**TASK DETAILS**
Leave out every picture and set down, exactly, the lines below from the one holding "Saphir jaune naturelle" up to and including the one holding "Tartan Me Up - Red".

**SOURCE DATA**
#####

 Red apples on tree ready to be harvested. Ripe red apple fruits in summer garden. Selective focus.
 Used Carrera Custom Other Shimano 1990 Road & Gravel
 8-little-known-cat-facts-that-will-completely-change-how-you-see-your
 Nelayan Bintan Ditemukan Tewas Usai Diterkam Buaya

#####

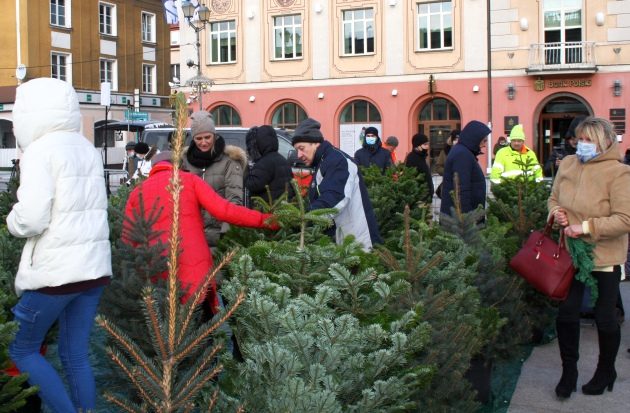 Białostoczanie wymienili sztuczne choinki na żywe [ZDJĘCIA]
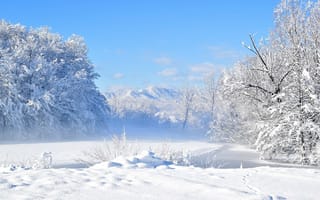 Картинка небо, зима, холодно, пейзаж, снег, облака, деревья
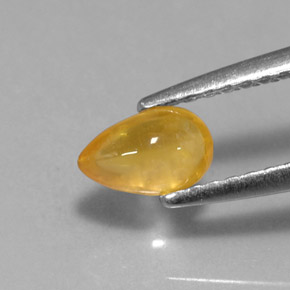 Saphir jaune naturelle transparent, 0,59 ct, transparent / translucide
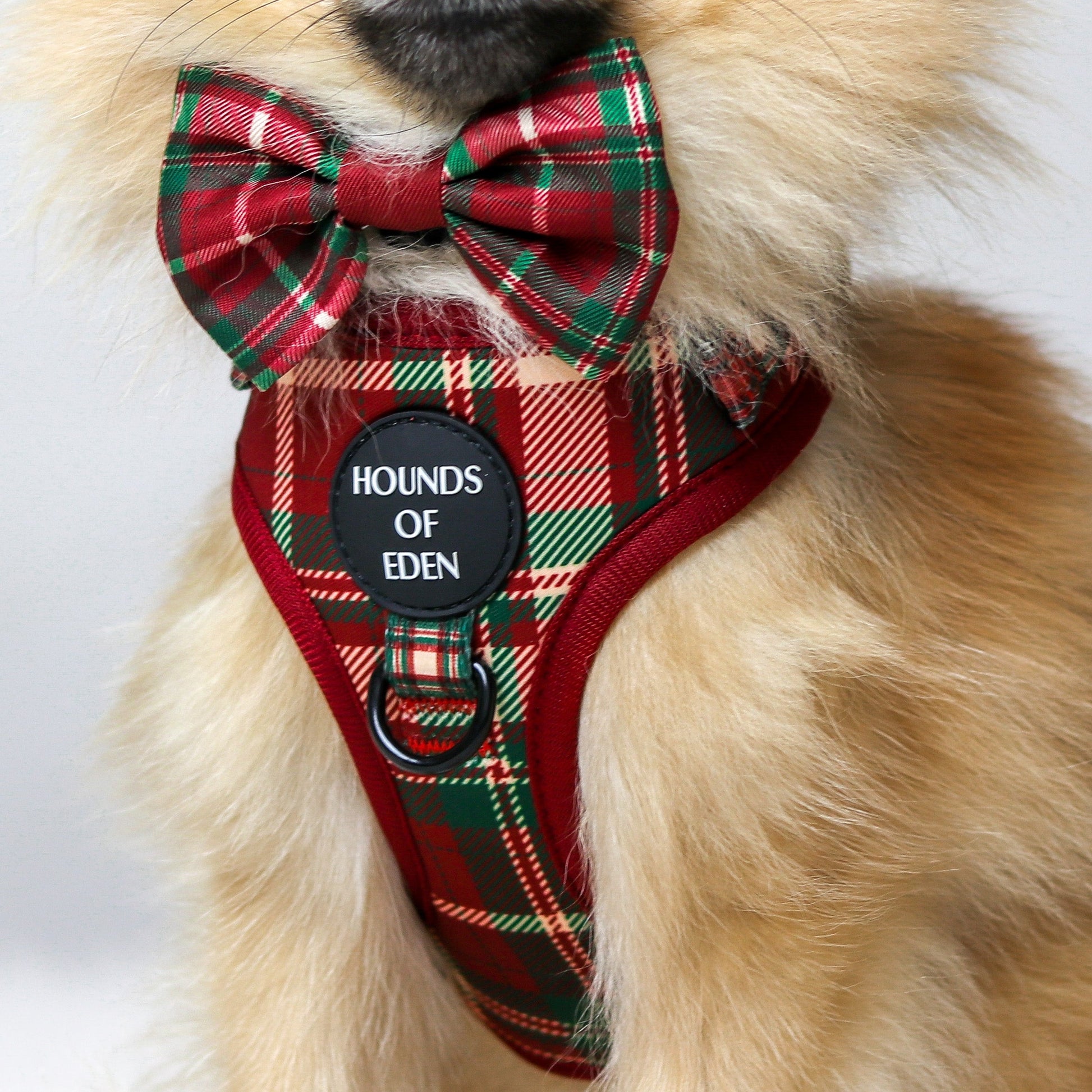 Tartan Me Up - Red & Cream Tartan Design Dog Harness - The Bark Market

#####

**EXERCISE RESULT**
 Saphir jaune naturelle transparent, 0,59 ct, transparent / translucide
 Tartan Me Up - Red & Cream Tartan Design Dog Harness - The Bark Market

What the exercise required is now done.